## EXERCISE OBJECTIVE
All lines from the first one in the listing below to the one holding "Buitenverblijf Capri 4900x4250x2550mm", inclusive, are to be copied exactly.
* * * * * * *
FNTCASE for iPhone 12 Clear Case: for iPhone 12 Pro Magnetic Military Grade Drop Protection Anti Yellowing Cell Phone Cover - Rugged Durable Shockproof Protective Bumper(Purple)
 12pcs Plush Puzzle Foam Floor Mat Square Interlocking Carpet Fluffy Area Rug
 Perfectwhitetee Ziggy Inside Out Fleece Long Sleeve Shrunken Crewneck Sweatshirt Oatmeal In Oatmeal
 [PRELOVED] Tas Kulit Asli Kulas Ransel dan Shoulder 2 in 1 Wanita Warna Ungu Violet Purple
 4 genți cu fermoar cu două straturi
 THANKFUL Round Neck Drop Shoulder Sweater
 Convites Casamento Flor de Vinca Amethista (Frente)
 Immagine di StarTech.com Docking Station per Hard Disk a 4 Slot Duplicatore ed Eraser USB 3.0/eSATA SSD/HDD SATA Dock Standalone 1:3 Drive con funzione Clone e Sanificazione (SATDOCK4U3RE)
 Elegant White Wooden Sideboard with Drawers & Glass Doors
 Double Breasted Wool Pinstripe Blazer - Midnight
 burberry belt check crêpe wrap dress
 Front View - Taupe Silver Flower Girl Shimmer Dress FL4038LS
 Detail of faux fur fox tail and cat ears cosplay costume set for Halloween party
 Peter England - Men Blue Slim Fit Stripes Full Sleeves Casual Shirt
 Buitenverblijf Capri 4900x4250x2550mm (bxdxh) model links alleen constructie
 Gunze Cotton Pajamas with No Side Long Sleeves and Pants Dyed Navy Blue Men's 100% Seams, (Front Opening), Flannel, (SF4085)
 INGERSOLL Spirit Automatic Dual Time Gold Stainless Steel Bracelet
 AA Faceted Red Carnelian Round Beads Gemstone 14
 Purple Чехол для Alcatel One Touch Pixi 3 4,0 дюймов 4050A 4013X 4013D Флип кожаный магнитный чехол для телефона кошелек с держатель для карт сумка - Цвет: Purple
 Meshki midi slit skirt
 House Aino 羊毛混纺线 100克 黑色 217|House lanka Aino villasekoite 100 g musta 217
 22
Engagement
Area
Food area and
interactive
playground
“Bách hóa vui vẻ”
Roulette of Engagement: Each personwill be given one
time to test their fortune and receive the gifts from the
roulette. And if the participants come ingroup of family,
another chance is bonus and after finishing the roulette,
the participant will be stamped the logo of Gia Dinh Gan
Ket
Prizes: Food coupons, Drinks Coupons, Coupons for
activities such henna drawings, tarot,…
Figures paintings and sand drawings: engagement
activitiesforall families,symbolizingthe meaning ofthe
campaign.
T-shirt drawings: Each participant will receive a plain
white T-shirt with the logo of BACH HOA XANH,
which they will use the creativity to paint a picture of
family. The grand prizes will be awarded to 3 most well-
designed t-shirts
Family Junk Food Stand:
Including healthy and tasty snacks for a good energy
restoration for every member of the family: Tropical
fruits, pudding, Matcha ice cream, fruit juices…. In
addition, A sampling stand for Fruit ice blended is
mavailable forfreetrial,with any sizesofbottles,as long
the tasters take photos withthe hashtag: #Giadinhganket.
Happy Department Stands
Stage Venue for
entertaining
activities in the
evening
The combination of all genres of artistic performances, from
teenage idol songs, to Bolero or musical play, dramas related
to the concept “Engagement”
* * * * * * *
## ANSWER BELOW
FNTCASE for iPhone 12 Clear Case: for iPhone 12 Pro Magnetic Military Grade Drop Protection Anti Yellowing Cell Phone Cover - Rugged Durable Shockproof Protective Bumper(Purple)
 12pcs Plush Puzzle Foam Floor Mat Square Interlocking Carpet Fluffy Area Rug
 Perfectwhitetee Ziggy Inside Out Fleece Long Sleeve Shrunken Crewneck Sweatshirt Oatmeal In Oatmeal
 [PRELOVED] Tas Kulit Asli Kulas Ransel dan Shoulder 2 in 1 Wanita Warna Ungu Violet Purple
 4 genți cu fermoar cu două straturi
 THANKFUL Round Neck Drop Shoulder Sweater
 Convites Casamento Flor de Vinca Amethista (Frente)
 Immagine di StarTech.com Docking Station per Hard Disk a 4 Slot Duplicatore ed Eraser USB 3.0/eSATA SSD/HDD SATA Dock Standalone 1:3 Drive con funzione Clone e Sanificazione (SATDOCK4U3RE)
 Elegant White Wooden Sideboard with Drawers & Glass Doors
 Double Breasted Wool Pinstripe Blazer - Midnight
 burberry belt check crêpe wrap dress
 Front View - Taupe Silver Flower Girl Shimmer Dress FL4038LS
 Detail of faux fur fox tail and cat ears cosplay costume set for Halloween party
 Peter England - Men Blue Slim Fit Stripes Full Sleeves Casual Shirt
 Buitenverblijf Capri 4900x4250x2550mm (bxdxh) model links alleen constructie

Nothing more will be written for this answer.